Description of the task: Span requested from the data below: the line with "Maplestory m - Luminous" through the line with "男人多久可以不碰女友 男人可以多久不碰自己的老婆呢", both included. Give only these lines again, exactly, and leave every picture out.

Information:

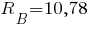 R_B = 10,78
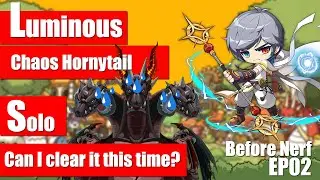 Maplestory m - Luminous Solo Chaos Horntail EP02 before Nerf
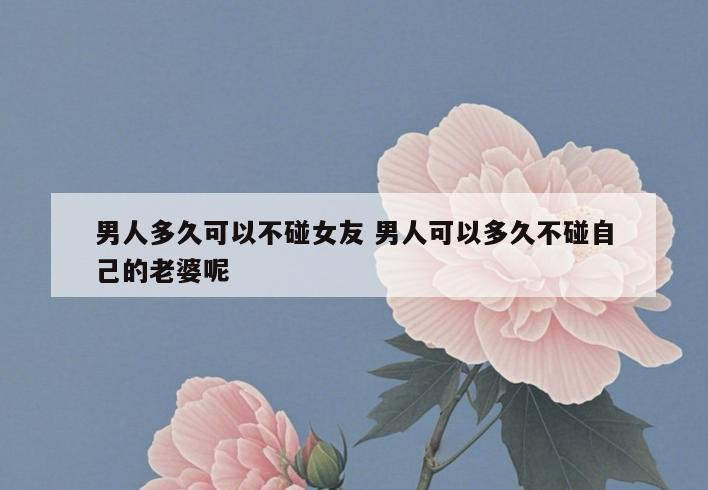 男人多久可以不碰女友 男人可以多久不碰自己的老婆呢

...

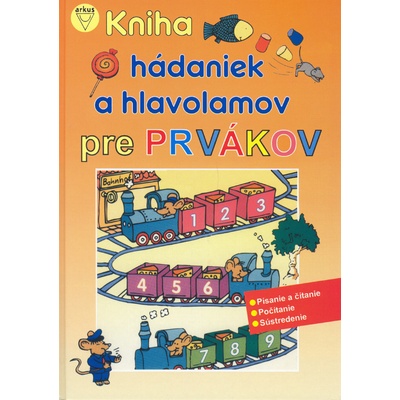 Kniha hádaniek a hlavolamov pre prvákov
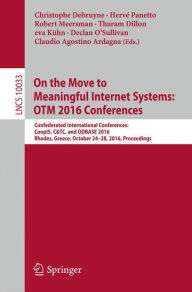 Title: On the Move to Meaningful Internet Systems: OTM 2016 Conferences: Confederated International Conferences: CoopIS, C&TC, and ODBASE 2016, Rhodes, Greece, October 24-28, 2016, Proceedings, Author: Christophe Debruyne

Response:
 Maplestory m - Luminous Solo Chaos Horntail EP02 before Nerf
 男人多久可以不碰女友 男人可以多久不碰自己的老婆呢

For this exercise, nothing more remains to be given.